やっと1年目が過ぎようとしているところであり、また英語で行われる修士課程ということで、まだまだイスラエルをそんなによく知っているわけではありませんが、同じように「ヘブライ語はまだ話せないけど、イスラエルのことをもっと知ってみたい!」という方の参考になれば幸いです。
目次
イスラエルで生活するまでの経緯
イスラエルが大好きなクリスチャン家庭に生まれる
イスラエル ー この不思議な中東の国にいつか住んでみたい、というのが10歳からの夢でした。
私がイスラエルに関心を持つきっかけはいくつかありました。一つは、息子の名前を「モーセ」と名付けるほどイスラエルが好きなクリスチャンの両親のもとに生まれたこと。そのような家庭に生まれ、ユニークな、でも不思議な魅力のあるイスラエルやユダヤ人の話を聞いて育ちました。2000年もの間、国も言葉もなかったのに、イスラエルの地に戻ってきて、日常語として復活させたヘブライ語を使っていること。しかも、それが私の信じる聖書にも預言されていることだと教会で聞き、子供ながらにすごいなと思ったことを覚えています。
イスラエル関連の研究
イスラエル留学を決めたより直接的な理由は、イスラエルに関連する研究を大学で専攻したことです。髙原剛一郎さんというクリスチャンYouTuberがいます。聖書/ クリスチャンの視点から中東情勢を読み解く、という講演活動を長年されており、中東情勢をはじめとした国際ニュースを取り上げられているのが面白くて、外交や安全保障に関心を持ちました。
それで、大学(学部)では外交史を学び、今はテルアビブ大学の安全保障・外交プログラム(修士)というところで、国際関係論を学んでいます。今年度は、ホロコーストや反ユダヤ主義と日本の関わりに関する論文を書いています。
イスラエルでの学生生活1年目
テルアビブ大学寮でのルームシェア体験
修士課程の1年目は、テルアビブ大学の寮に住みました。テルアビブ大には新旧2つの寮があります。新しいBroshim寮は、1人向けの部屋が多くて綺麗なホテルみたい、と言われるほど。一方、私が住んだ古い方、アインシュタイン寮は4人でのルームシェアです。各々にベッドと机がある部屋1つを2人でシェア。それが2部屋くっついて、キッチンとお風呂、トイレなどをシェア、という間取りです。

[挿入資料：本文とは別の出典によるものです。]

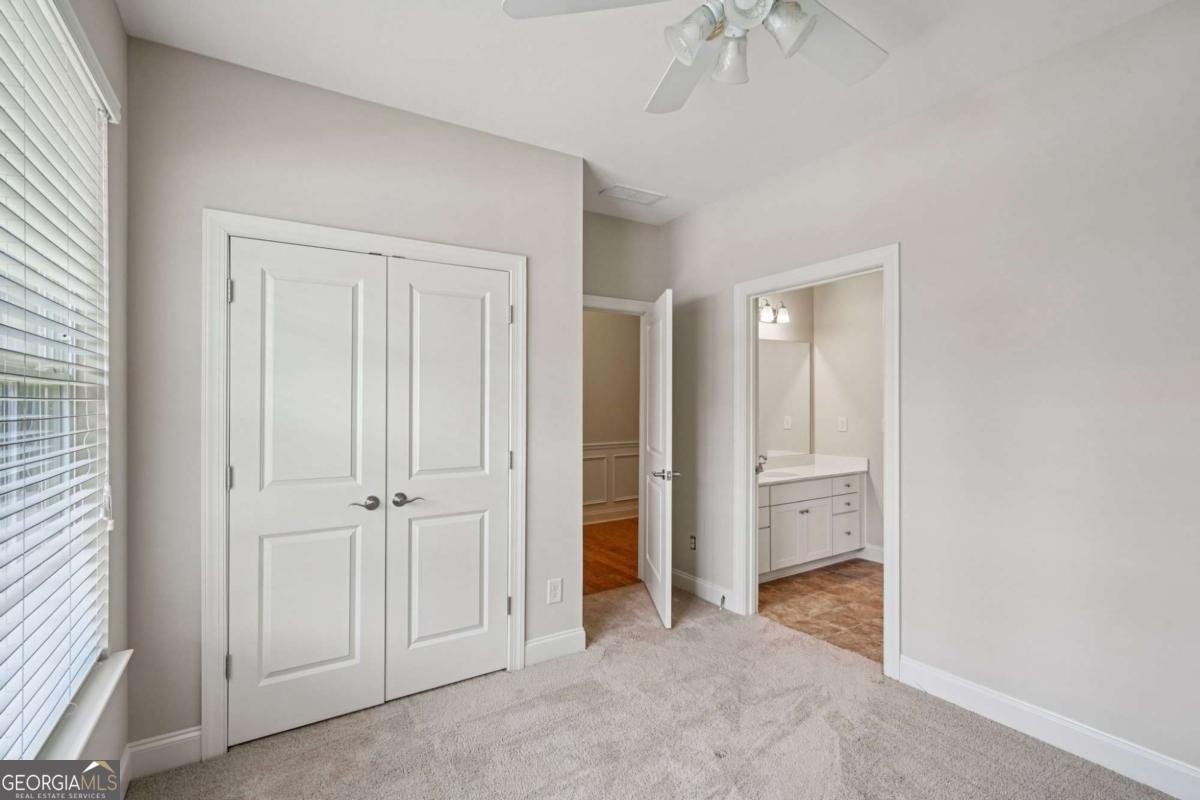 175 Larkton Lane Grayson - 15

私はルームメイトに恵まれました。同室だったのはドイツ出身のMBA(経営学修士)の学生で、大手会計コンサルで数年勤めた後、将来は起業したいという夢を追ってテルアビブ大に来たそうです。お互いに干渉せず、でも、たまに一緒に散歩に行ったり、就寝前に面白かったことを話したりと、私のライフスタイルにあっており、ストレスがなく良かったです。

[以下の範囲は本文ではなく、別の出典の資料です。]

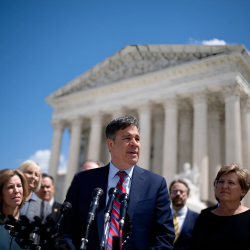 Campaign-Twitter-Post-Facebook-Post-14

お隣のユニットメイトは出身国アメリカの時間に合わせて、イスラエルの深夜に大声で叫びながらゲームしたり、皿を洗わず放置したり、というちょっと困った人でした。当初、全く皿を洗わず、私が全て掃除・皿洗いをしていて、腹を立ててばかりいました。何度か伝えていましたが、はっきりと洗って!と伝えてからは洗ってくれるようになったので、きちんと伝えることが大事なんだなあと学ぶ機会になりました。

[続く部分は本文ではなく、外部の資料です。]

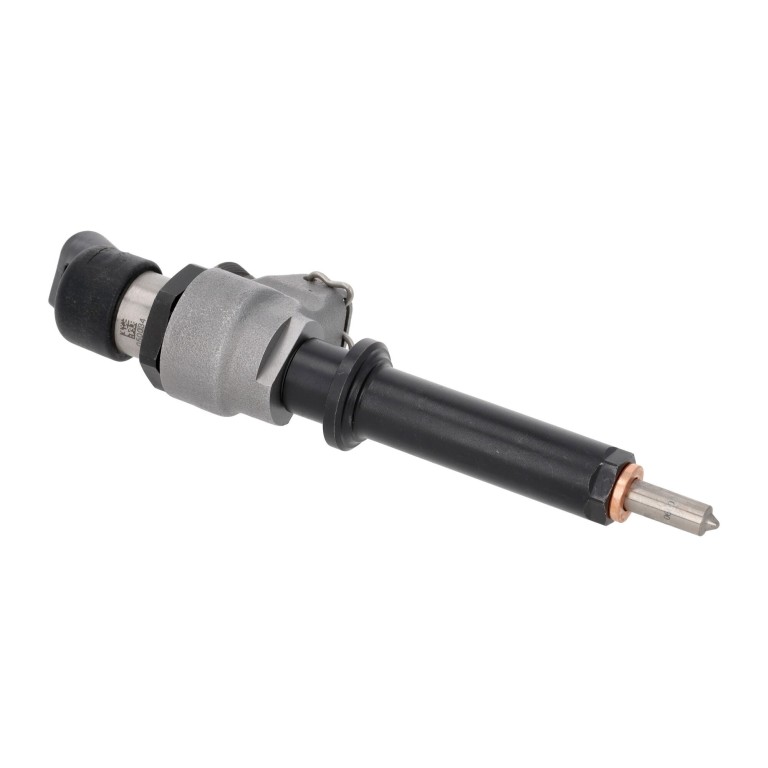 Inyector VEMO V22-11-0013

彼の家族は日本好きで、ジブリやアニメをほとんど見たことのない私に、「お前は、お前の国の、偉大な作品を知らないのか」と半ば強制的に「千と千尋の神隠し」「AKIRA」「エヴァンゲリオン」を見せられました。結果どれも名作ばかりで、アニメがいかに素晴らしいエンタメであるか、感銘を受けました。日本人がアニメの面白さをアメリカ人から知るというのはどうなんだ、というのは我ながら恥ずかしくはあります。でも、ルームシェアならではの異文化体験したのは、今となってはいい思いです。
家賃や物価について
イスラエルは物価が高く、その中でもとりわけテルアビブは高いです。寮費は650米ドルでしたが、私が寮に住み始めた2022年10月は円ドル為替が150円前後でしたので、日本円にすると約10万円。日本の感覚からすれば、ワンルーム、しかもシェアでこの値段というのはかなり高めの設定ですが、テルアビブではこれでも良心的な情熱価格。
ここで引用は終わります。